Updated

Hurricane Ingrid weakened to a tropical storm as it crossed Mexico's northeastern coast Monday, one day after 21 people died when another storm struck the opposite side of the country.

Ingrid made landfall near La Pesca in the state of Tamaulipas, packing maximum sustained winds of 65 miles (100 kilometers) per hour and threatening to spark flash floods and mudslides, according to the US National Hurricane Center.

Thousands of people were evacuated from towns on the Pacific and Gulf of Mexico coasts over the weekend as Ingrid and Tropical Storm Manuel set off landslides and floods that damaged bridges and homes.

The last time the country was hit by two tropical storms in the span of 24 hours was in 1958, according to National Weather Service coordinator Juan Manuel Caballero.

Manuel dissipated overnight after unleashing floods that brought as much as three-foot (one-meter) high water in the Pacific resort of Acapulco, dragging away cars and forcing some residents to take refuge on top floors of homes.

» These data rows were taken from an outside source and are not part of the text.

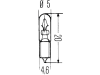 Hella® Glassockellampe 24 V, 1,2 W, W2x4,6d, 8GP 002 095-241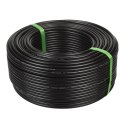 Kabel przewód koncentryczny antenowy/satelitarny Maclean, żelowany, ziemny, zewnętrzny, RG6, 75Ohm, 100M, MCTV-477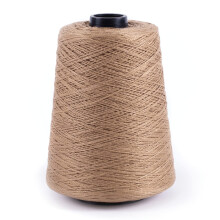 5/2 Perle mercerisierte Baumwoll-Webgarne von Silk City Fibers, Beechnut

Emergency personnel said rescue missions were complicated because the rising waters brought out crocodiles.

At least 11 of the 21 deaths were in Acapulco, including a family of six people whose home was crushed by a landslide. Five others were killed when a wall collapsed in the port city.

The city's international airport was closed and the highway linking Mexico City to Acapulco was shut down due to landslides and flooding in the southwestern state of Guerrero. Authorities hoped to reopened both later Monday.

Some 2,000 people were evacuated from their homes in the state, while more than 20,000 households lost power.

"For the moment, there are officially 21 people dead," national civil protection chief Luis Felipe Puente told a news conference late Sunday.

In addition to the 11 dead in Acapulco, a woman was killed by a landslide elsewhere in Guerrero, while a man and a child died in a landslide in the state capital Chilpancingo, Puente said.

Guerrero state civil protection official Constantino Gonzales Vargas told AFP that six people died in a road accident due to slippery conditions, but Puente did not report these fatalities.

In the central state of Hidalgo, a nurse and her driver drowned when their car was swept away by an overflowing river, civil protection officials there said. Another woman died in a landslide.

Three people, including a 16-year-old boy, were killed in a landslide in Tlatlauquitepec, a mountain town in central state of Puebla.

Puente reported another storm-related death in the southern state of Oaxaca.

Ingrid forced several towns to cancel independence day celebrations in Tamaulipas.

State-run energy firm Pemex evacuated three oil platforms off the Gulf coast of the northeastern state of Tamaulipas and shut down 24 wells.

The former hurricane had already forced the evacuation of 6,000 people in the east coast state of Veracruz after two rivers overflowed their banks.